Hacker News new | ask | show | jobs
by portly 29 days ago
Don't let the best be the enemy of the good. I got amazing performance for swapping for-loops with some simple SIMD patterns. Moreover. By doing this. I noticed that the codebase started to become better shaped for performance as well. By writing SIMD patterns, you get into the mindset of tight, hot loops.
1 comments

The problem is that you're better off by defining SIMD friendly data structures and letting the compiler figure it out than by hand coding the actual SIMD operations.

If you wanted to explicitly opt into bundling/batching of operations, you wouldn't actually want to define a fixed register size. You'd want a data type that represents an arbitrarily sized register and exposes some across batch operations. Then the compiler can make use of this mini DSL to optimize your SIMD code to actual instructions.

The problem is solvable, but it requires cooperation from all parties. CPU vendors must offer a basic set of vector instructions that is supported on all architectures. The language committee must be willing to support function local variable size data types that are never exposed in the ABI. The compiler developers must increase the quality of their auto vectorizers.

> The problem is that you're better off by defining SIMD friendly data structures and letting the compiler figure it out than by hand coding the actual SIMD operations.

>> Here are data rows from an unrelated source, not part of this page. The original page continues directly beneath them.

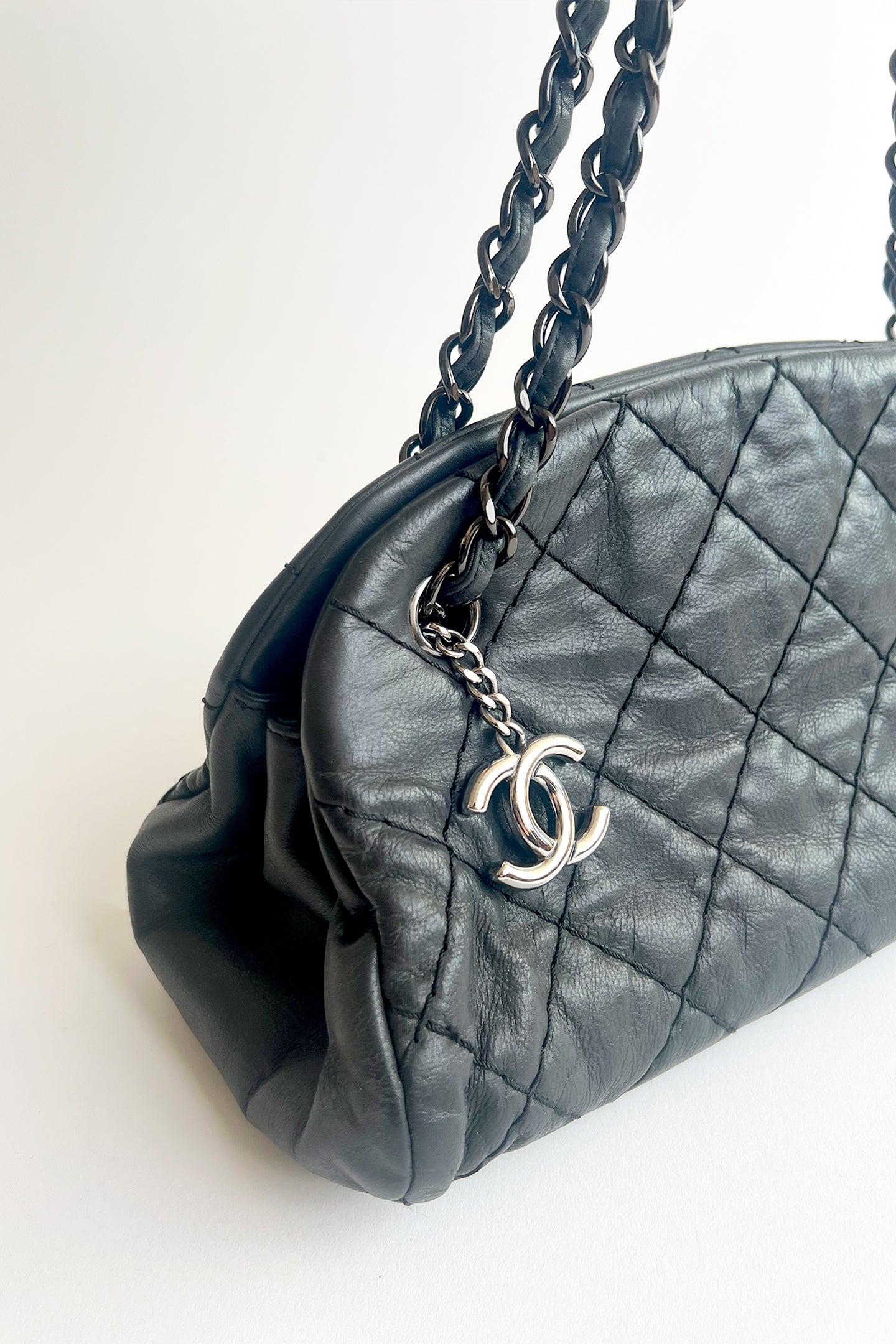 Vintage Chanel black leather wild stitch shoulder bag with metal chain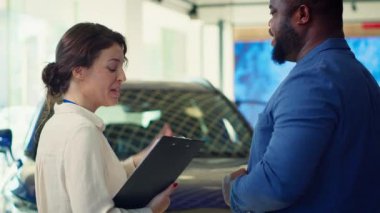 Satış temsilcisi müşteriyle konuşuyor, tercihlerini, ilgi alanlarını ve vücut dillerini gözlemliyor ve onların satın alma kararlarını neyin etkileyebileceğini kavrayabilmek için not alıyor.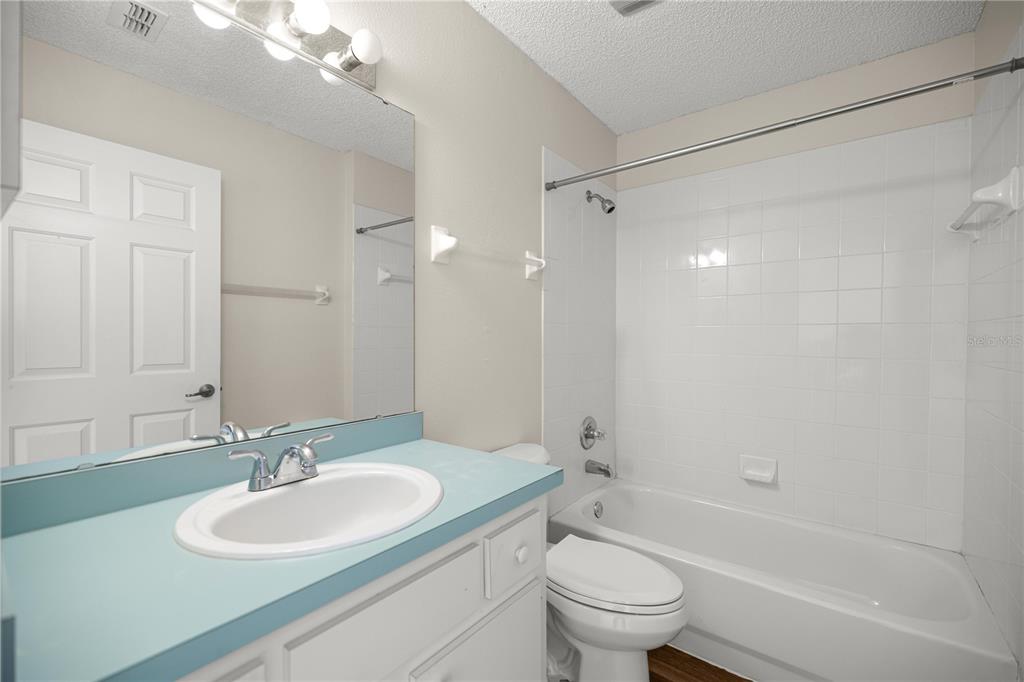 8478 Southwest 61st Terrace Road Ocala, FL 34476 - Photo 30 of 39 a bathroom with a sink toilet tub and shower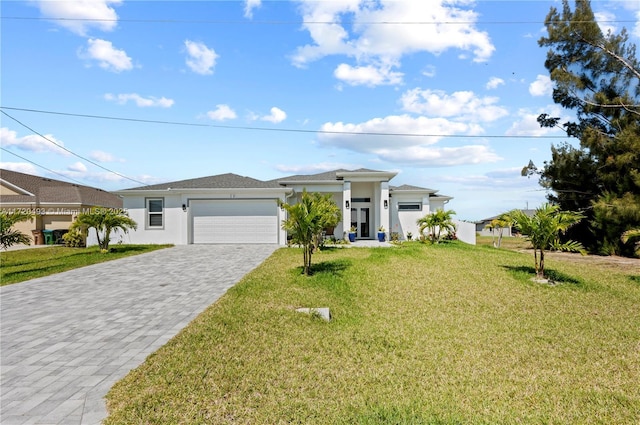 view of front of house with a garage and a front yard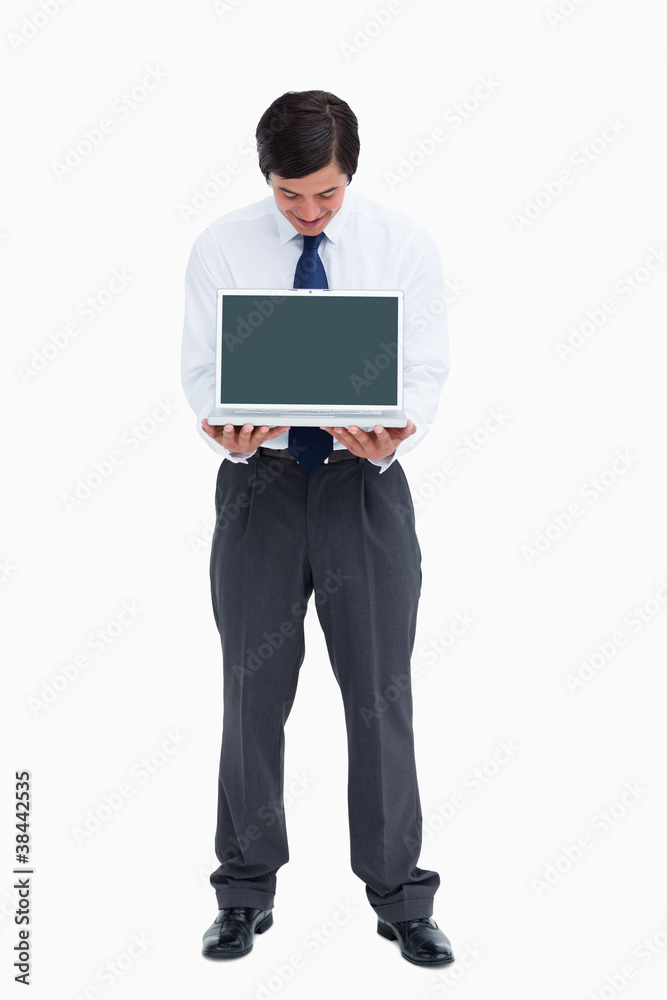 Tradesman looking at laptop screen he is presenting Tradesman looking at laptop screen he is presenting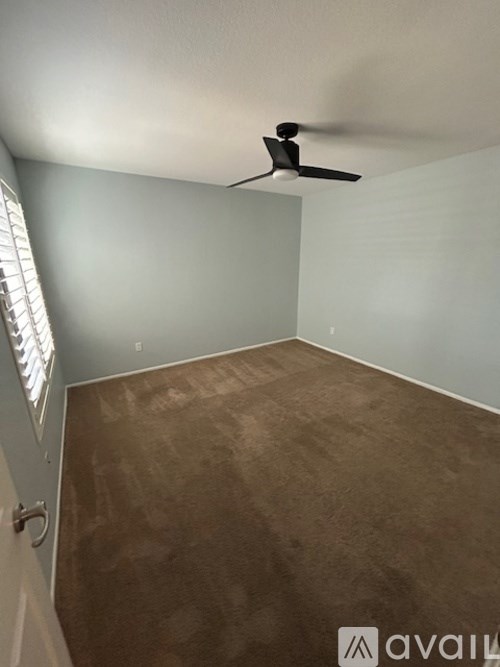 A room with a ceiling fan and carpeted floor.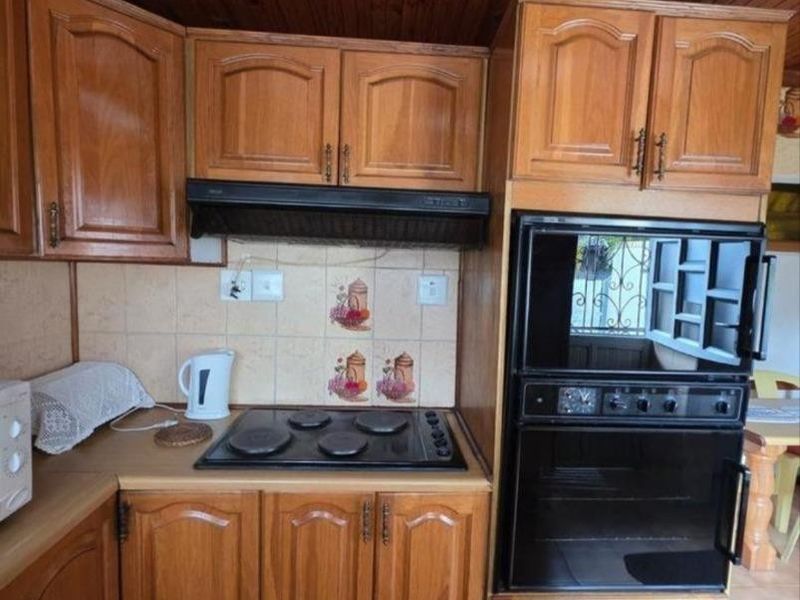 A functional kitchen featuring traditional wooden cabinetry, a built-in oven, electric hob, extractor fan, and a distinctive timber-paneled ceiling.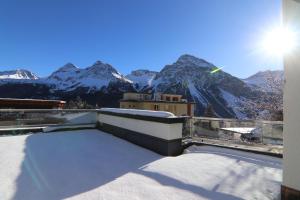 a view of a snow covered mountain from a balcony at Galerie 5A by Arosa Holiday in Arosa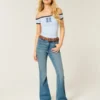 Hoch geschnittene Flare-Jeans in mittlerer Waschung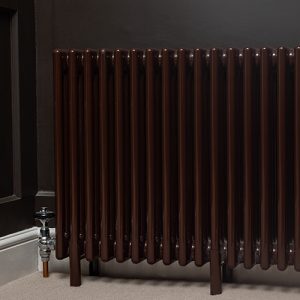 Low angled shot of chocolate brown Windsor Column with traditional nickel manual valves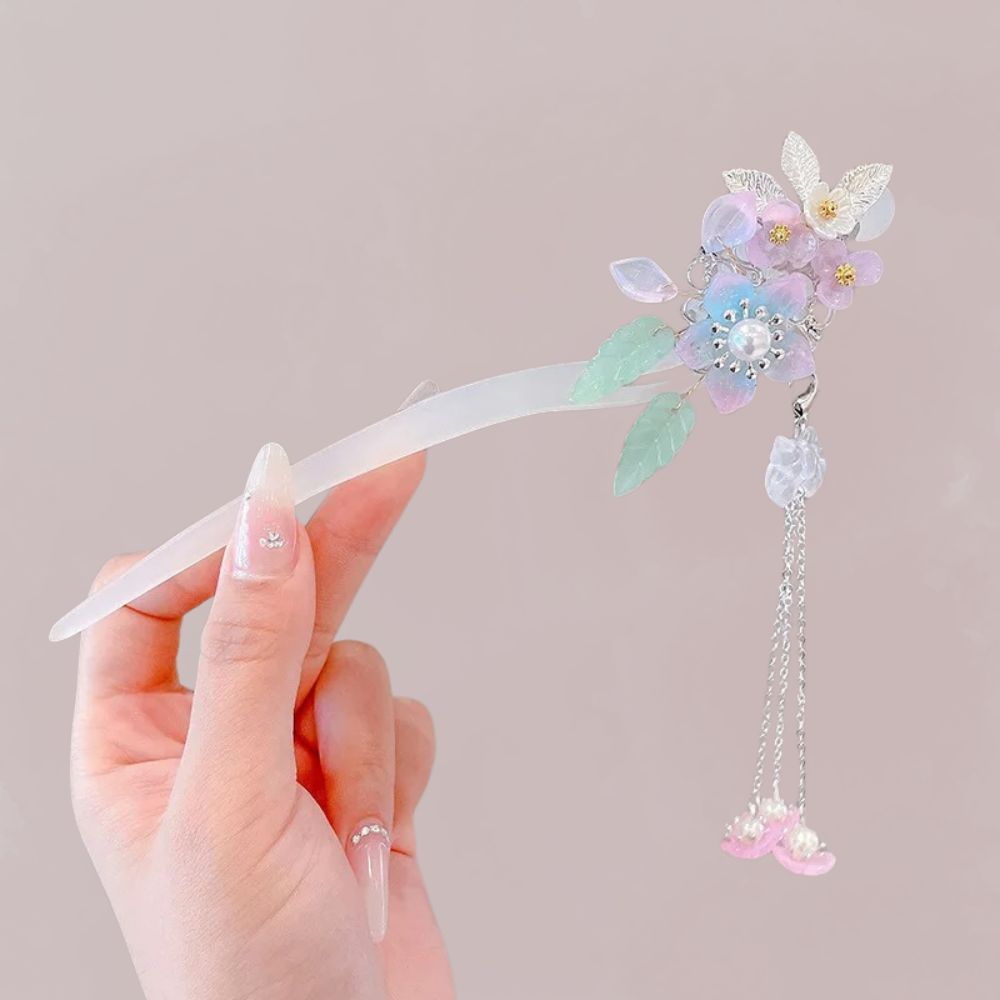 Peigne en résine translucide avec fleurs pastel et gouttes de cristal rose, tenu délicatement par une main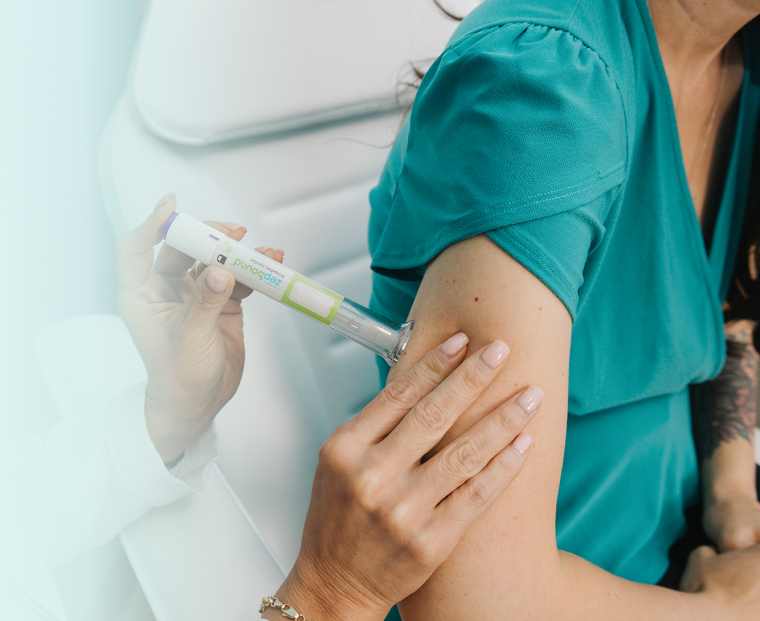 Medical professional administering medication to a patient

This will work only for the most basic SIMD usages.

> CPU vendors must offer a basic set of vector instructions that is supported on all architectures.

This will take decades because you cannot change existing architectures/processors.

> This will take decades because you cannot change existing architectures/processors.

I think once, AVX-512, SVE and RVV are wide spread enough, you'll have a rather powerfull baselevel you can target. But this will take a lot of time.

> AVX-512

Which subset though? Some of them are not supported by some recent CPUs (e.g. 2024).

Not to mention Alder Lake not supporting AVX512.

Yeah AVX-512 is basically dead as a universal target for x86, the future is now AVX-10. But I believe there is a reasonable subset that will work on both.
It's a little dramatic to say avx512 is dead versus 10 - rather, I would say that avx10 finalizes a universally available set of avx512 extensions. For AVX 10.1, there's essentially, no difference after Intel backed out of reducing the vector length.

For at least the next decade AVX 512 will be the high performance target, reaching all of the zen4/5/6 CPUs as well as whatever avx-10 enabled CPUs Intel producers.

This works today :) Highway provides such an abstraction for arbitrary vector lengths and maps them to intrinsics. All on the library level, no need to wait years for compiler or language updates.
what you effectively said is "there should be only one isa".

Because if that was all it took, why wouldn't it also apply to every other instruction set too?